Yup that it worth mentioning.

> Another thing worth mentioning in the commit message is that we use the
> combination of setting a child_process' working directory to the submodule
> path and then calling `prepare_submodule_repo_env()` which also sets
> `GIT_DIR` to `.git`, so that we can be certain that those spawned
> processes will not access the superproject's ODB by mistake.
> 
> When reading my suggestions, please keep in mind that I reviewed the
> functions in caller->callee order, i.e.
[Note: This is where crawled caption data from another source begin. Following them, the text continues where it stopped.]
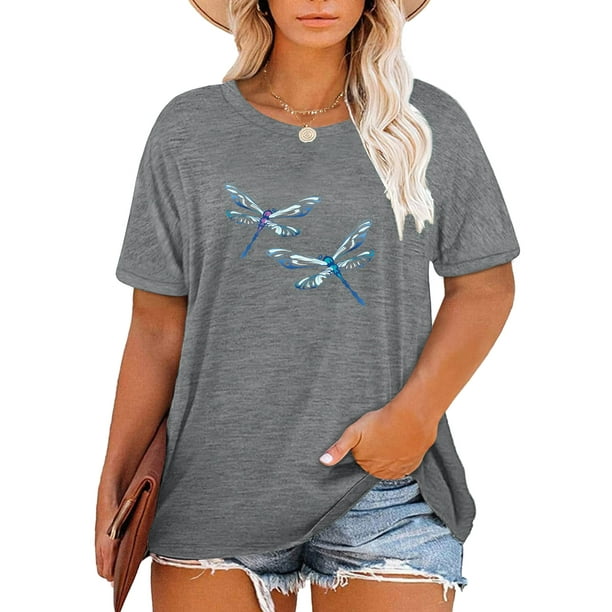 Anbech Dragonfly Shirt Plus Size Graphic Tees for Women Casual Tops ...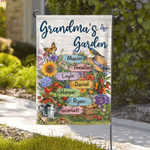 Personalised Butterfly Floral Vegetable Garden Flag with 1-8 Names and Text Balcony Outdoor Yard Decor Birthday Anniversary Gift for Family Gardener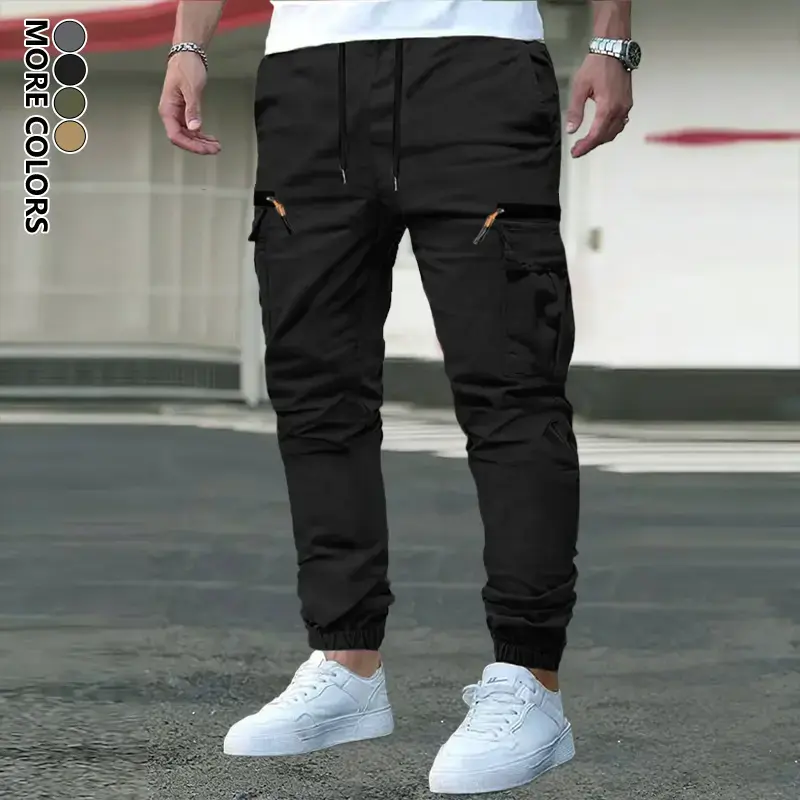 Men’s Multi-Color Drawstring Cargo Pants - Lightweight, Wear-Resistant, Wrinkle-Resistant Menswear Workwear with Elastic Waistband, Zipper Accents, Breathable Fabric for Street Style, Outdoor Activities, Plain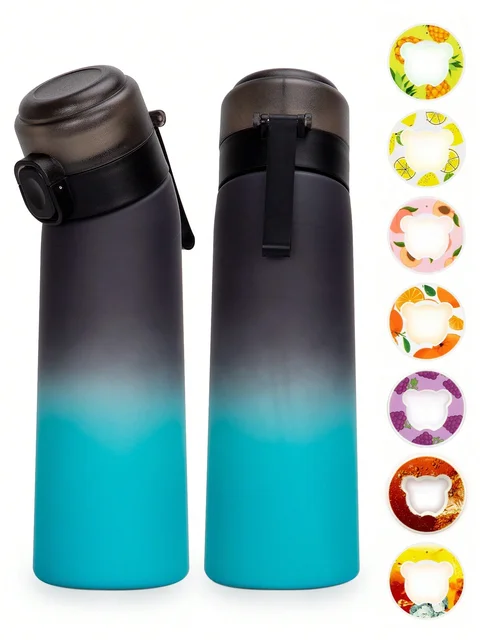 1pc Gradient Air Water Bottle With 1PC Random Bear Shape Scented Flavor Pods Drinks Bottles Outdoor 0 Sugar 0 Calorie Water Cup 2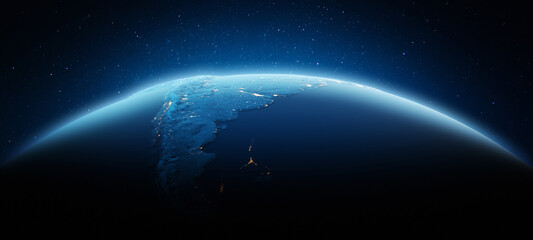 South America, Andes, Patagonia city lights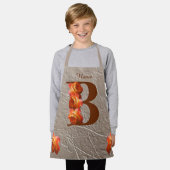 Tablier Monogramme initiale B personnalisé Rose Orange (Porté)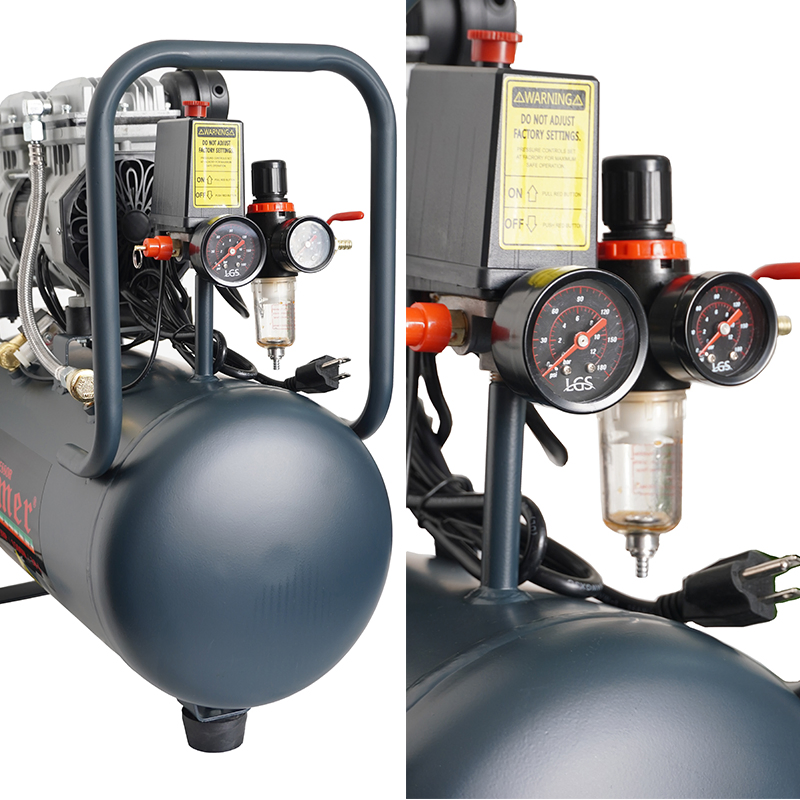 Поршневой безмасляный воздушный компрессор Luogesen 24л, 1390Вт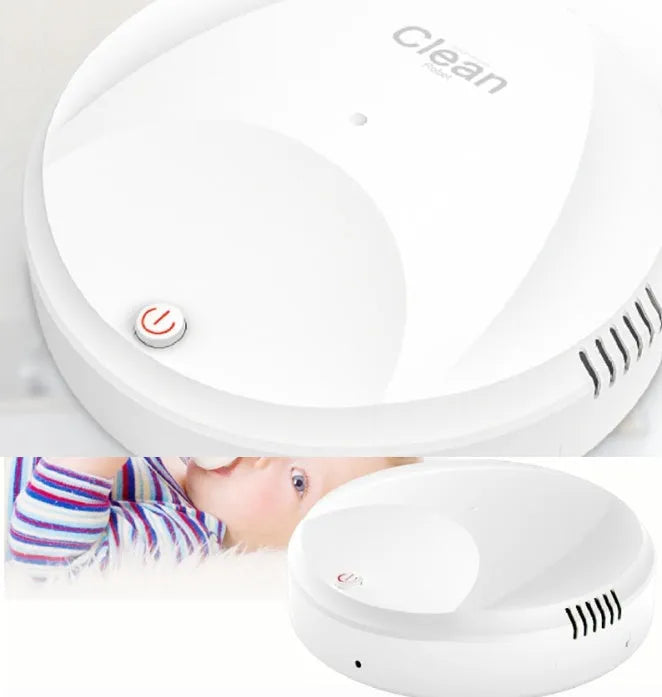 Smart vacuum cleaner charging version, black or white ABS robot, 23x23x6cm, automatic dust and hair sweeper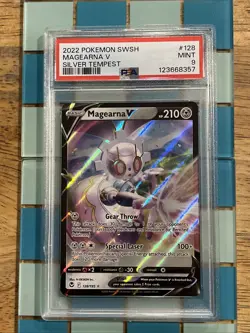 GRADED PSA 9 2022 Pokemon SWSH Magearna V Silver Tempest #128 - Image 1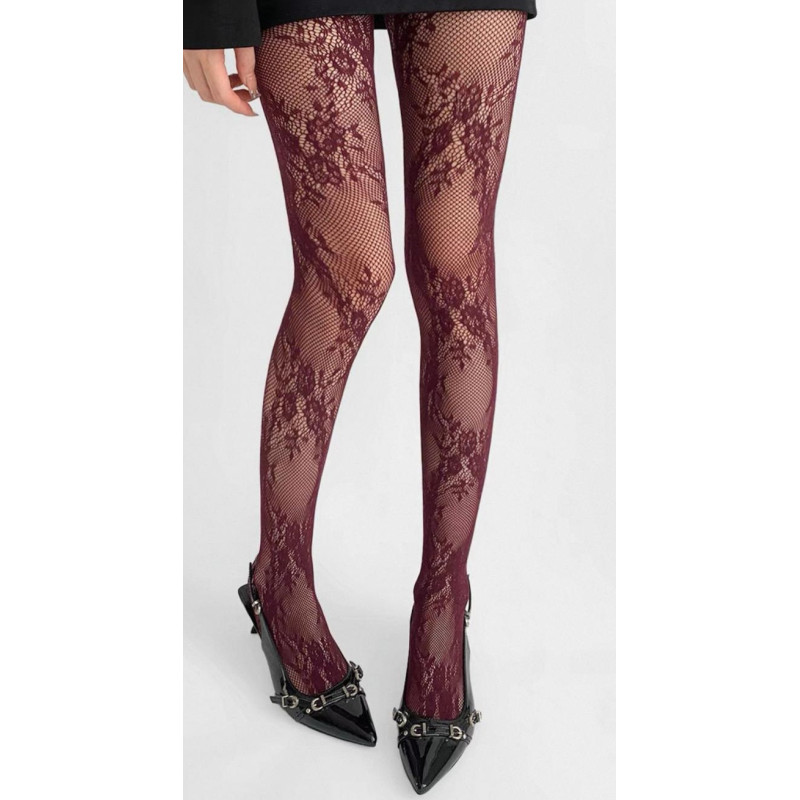 3 paires de collants Dentelle Bouquet de roses Bordeaux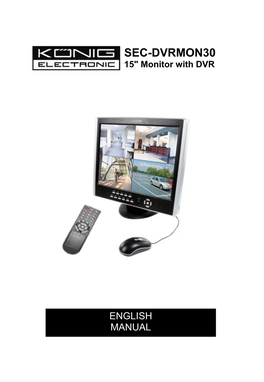 SEC-DVRMON30 15" Monitor with DVR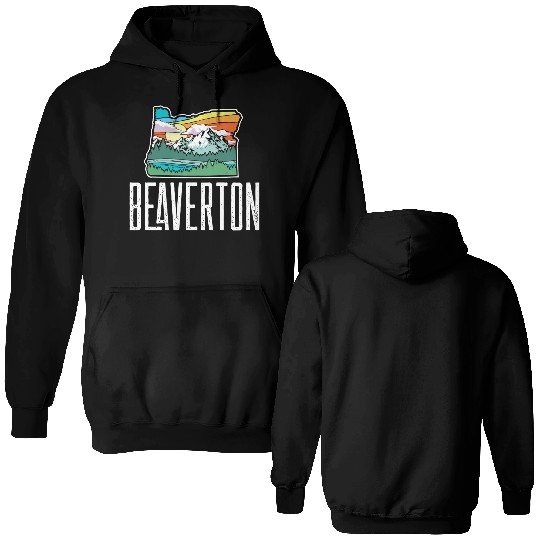 Beaverton Vintage Oregon Nature Outdoors Retro Gra Double Sided Hoodies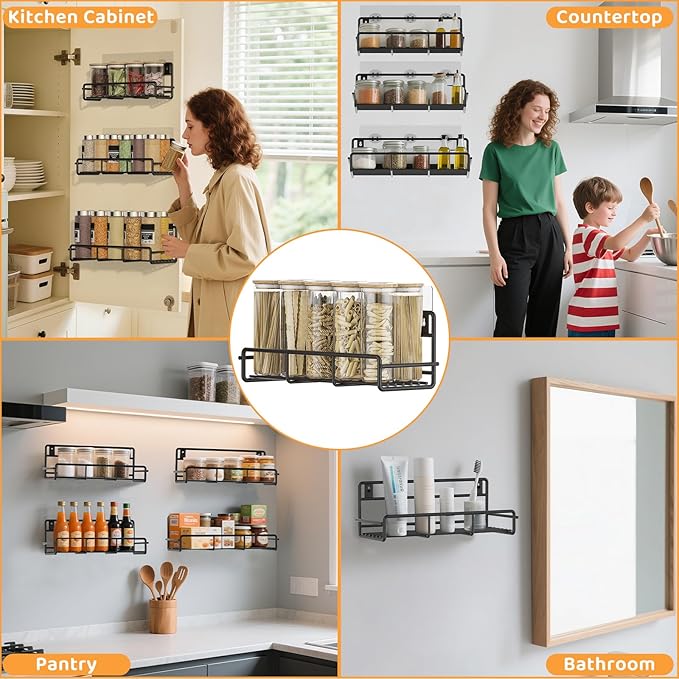 2 Pack Wall Mount Spice Rack Organizer, for Kitchen Pantry Door Storage and Organization, Heavy-Duty Metal Kitchen Spice Rack, Flexible Wall Iron Shelves with Adhesive Hook, Black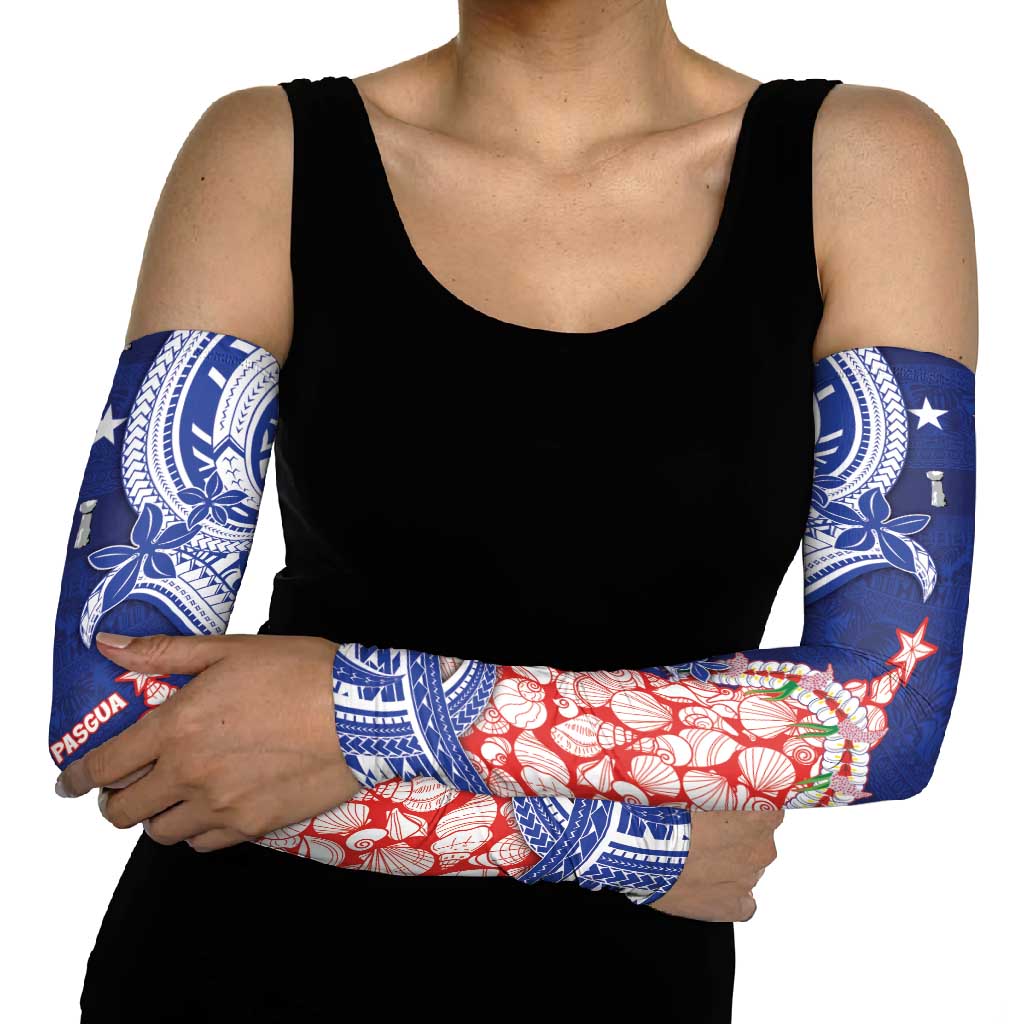 Northern Mariana Islands Christmas Arm Sleeves Seashell Xmas Tree Tribal Waves DT05 - Polynesian Pride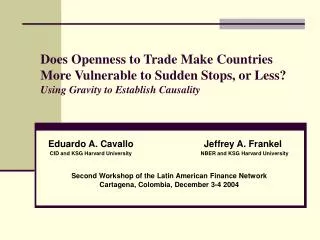 Eduardo A. Cavallo Jeffrey A. Frankel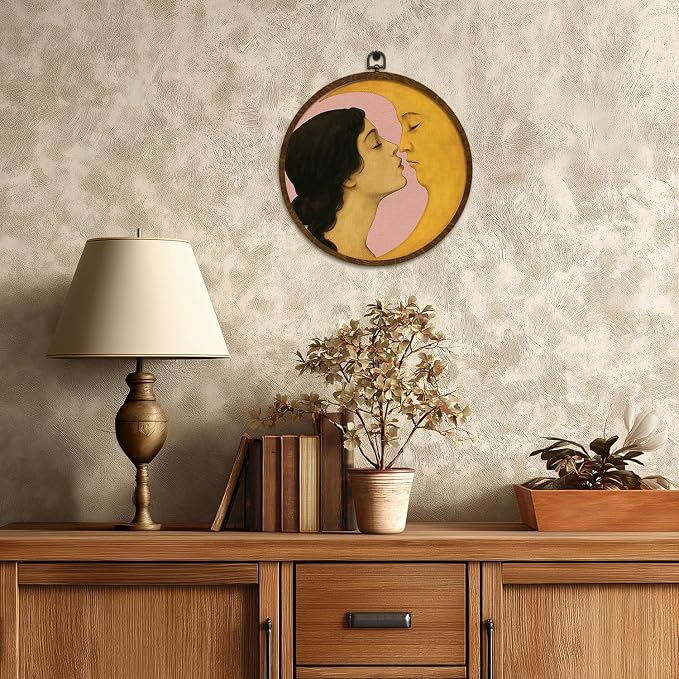 KLYTINK Retro Celestial Decor,Romantic Moon and Young Girl Round Wall Art,Vintage-Inspired Celestial Canvas Print, Surreal Moon and Woman Hanging Decor for Bedroom, Gallery Wall 10''x10''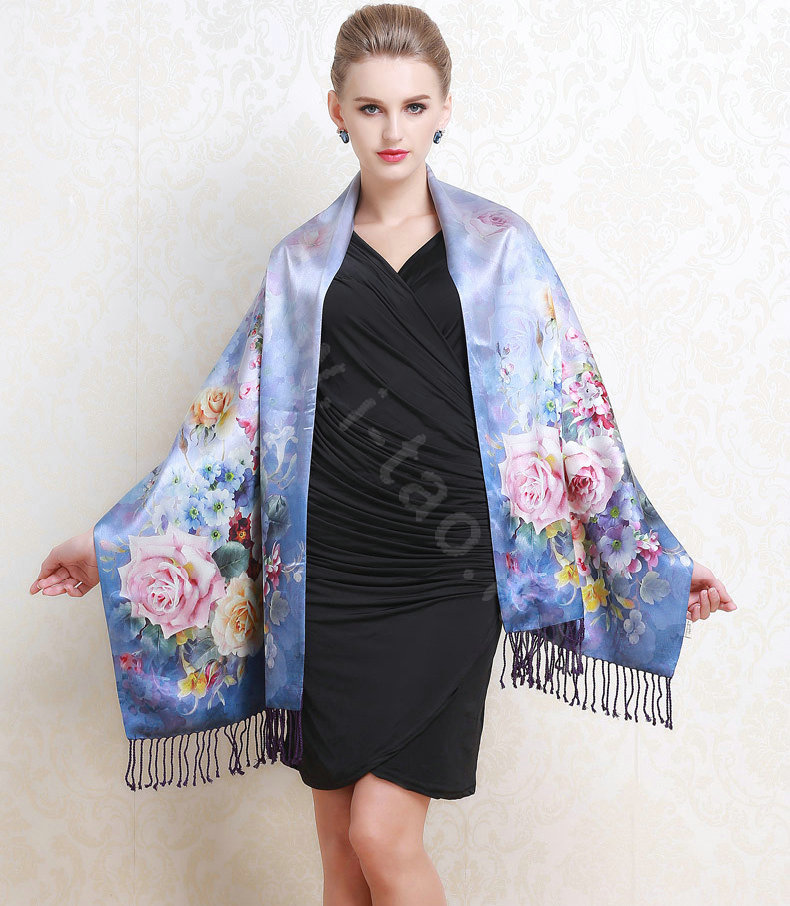 Luxury women autumn and winter warm long 100% mulberry silk flower print scarf shawl wrap - Blue
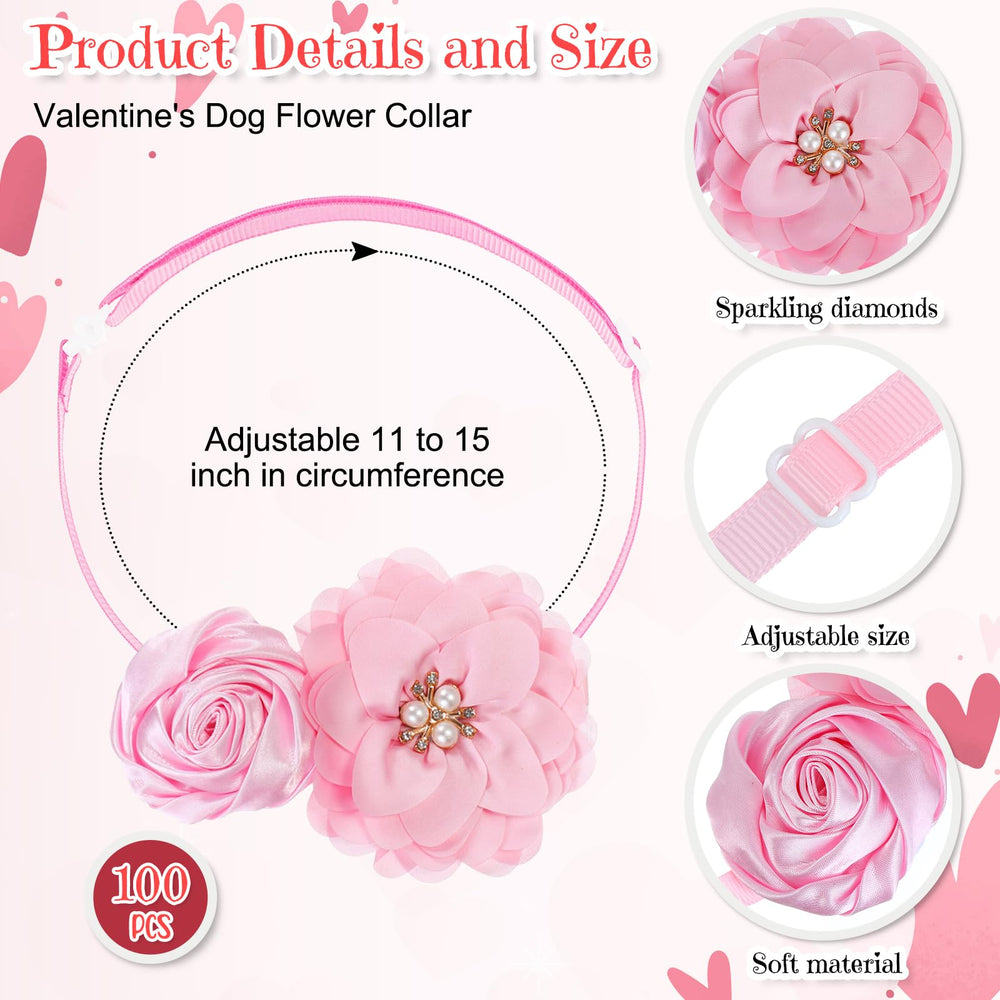Abbylike collier chien noeud-fleurs rose, style romantique pour balades et photos.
I started at the end of the patch
> and then worked my way up.
> 
> All in all, I like the function structure, but I think there is still a
> bit room for improvement in a v2.

> > +static int verify_submodule_object_name(const char *sm_path,
> > +					  const char *sha1)
> > +{
> > +	struct child_process cp_rev_parse = CHILD_PROCESS_INIT;
> > + > > +	cp_rev_parse.git_cmd = 1;
> > +	cp_rev_parse.no_stdout = 1;
> > +	cp_rev_parse.dir = sm_path;
> 
> So here we specify `sm_path` as current working directory.
> 
> > +	prepare_submodule_repo_env(&cp_rev_parse.env_array);
> 
> And this implicitly sets `GIT_DIR=.git`. Good.
> 
> > +	argv_array_pushl(&cp_rev_parse.args, "rev-parse", "-q",
> > +			 "--verify", NULL);
> > +	argv_array_pushf(&cp_rev_parse.args, "%s^0", sha1);
> 
> After this, we should also append `--` to make sure that we're not parsing
> this as a file name.

Will do!

> Two comments about naming: `sha1` is pretty misleading here, as we do not
> require it to be a SHA-1 (especially in the future in which we switch to
> SHA-256). Besides, what we're really asking for (via that `^0` suffix) is
> a committish. Therefore, I would propose to use `committish` both in the
> parameter name as well as the function name.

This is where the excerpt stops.